>>>>>

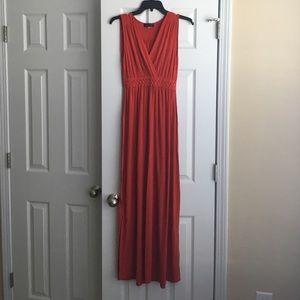 Ladies Maxi Dress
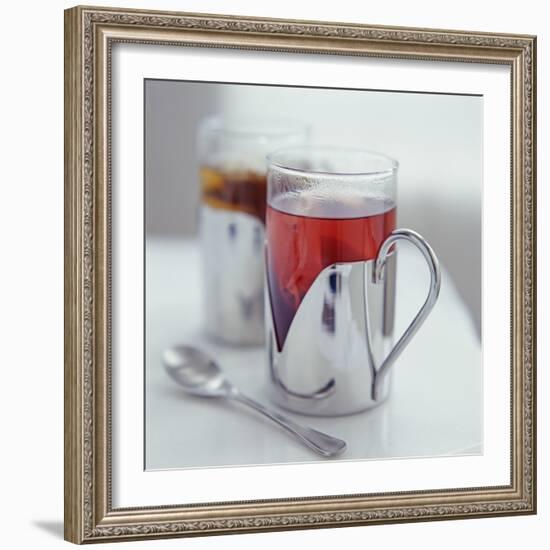 Herbal Infusions-David Munns-Framed Premium Photographic Print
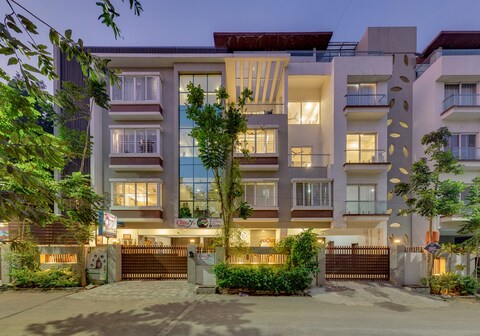 Chirayu Executive Suites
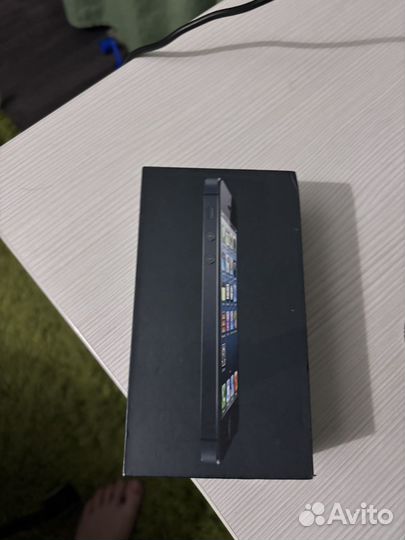 iPhone 5, 16 ГБ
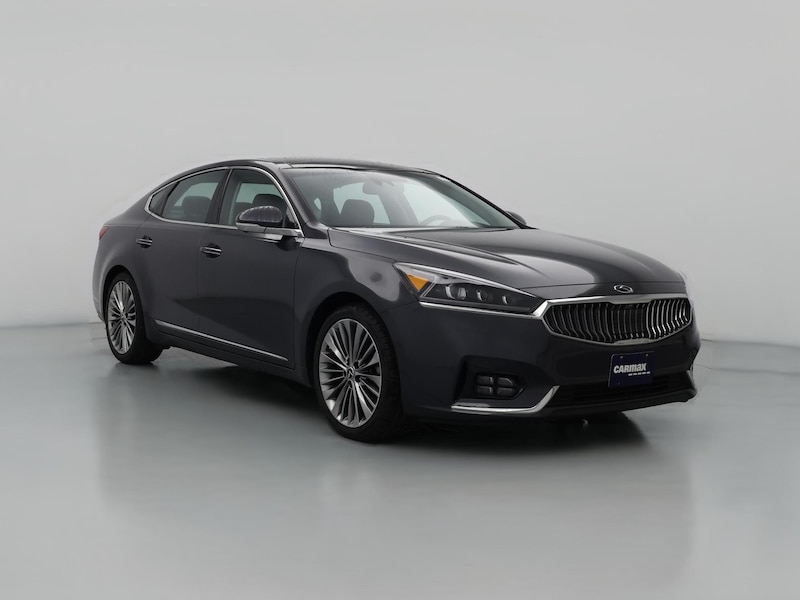 2017 Kia Cadenza Limited -
                  Gilbert, AZ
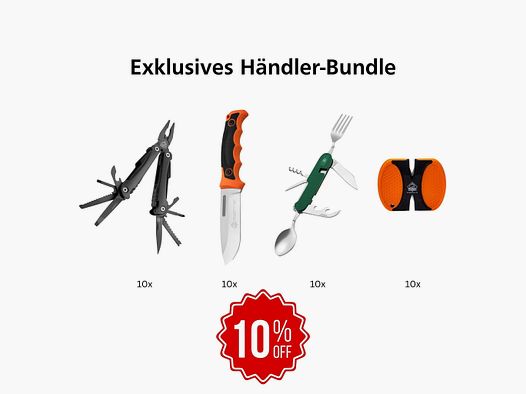 PUMA Outdoor Survival Bundle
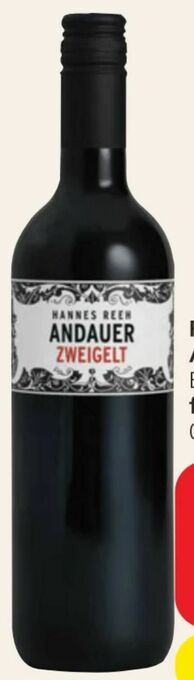 Spar Andauer Zweigelt Angebot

<<<<<

ASSIGNED TASK:
Would you retype each line above exactly and skip every image?

EXERCISE RESULT:
 Ladies Maxi Dress
 Herbal Infusions-David Munns-Framed Premium Photographic Print
 Chirayu Executive Suites
 iPhone 5, 16 ГБ
 2017 Kia Cadenza Limited -
                  Gilbert, AZ
 PUMA Outdoor Survival Bundle
 Spar Andauer Zweigelt Angebot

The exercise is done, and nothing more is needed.